Crito: "He attends only to the opinion of the one man."
Socrates: "Then he ought to fear the blame and welcome the praise of the one man, not the many?"
Crito: "Clearly."
And Socrates sums the argument thus: "To be brief; is it not the same in everything?"
Surely the wise man spoke the truth: it is the same in everything. The one thing that matters is the opinion of the One. If He is satisfied, all is well. If He is dissatisfied, the commendation of the many is as froth. "Blessed are the single-hearted, for they shall have much peace."

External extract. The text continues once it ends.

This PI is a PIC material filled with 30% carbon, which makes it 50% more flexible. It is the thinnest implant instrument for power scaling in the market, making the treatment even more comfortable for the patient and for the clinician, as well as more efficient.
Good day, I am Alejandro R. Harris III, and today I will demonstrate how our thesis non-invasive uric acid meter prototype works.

But Nature is full of pictures of bright companionship in service; the very stars shine in constellations. This book of the skies has been opening up to us of late. Who, to whom the experience is new, will forget the first evenings spent with even a small telescope, but powerful enough to distinguish double stars and unveil nebulæ? You look and see a single point of light, and you look again and twin suns float like globes of fire on a midnight sea; and sometimes one flashes golden yellow and the other blue, each the complement of the other, like two perfectly responsive friends. You look and see a little lonely cloud, a breath of transparent mist; you look and see spaces sprinkled with diamond dust, or something even more awesome, reaches of radiance that seem to lie on the borderland of Eternity.
And the shining glory lingers and lights up the common day, for the story of the sky is the story of life.
Far was the Call, and farther as I followed
Grew there a silence round my Lord and me—
is for ever the inner story, as for ever the stars must move alone, however close they are set in constellations or strewn in clusters; but in another sense is it not true that there is the joy of companionship and the pure inspiration of comradeship? God fits twin souls together like twin suns; and sometimes, with delicate thought for even the sensitive pleasure of colour, it is as if He arranged them so that the gold and the blue coalesce.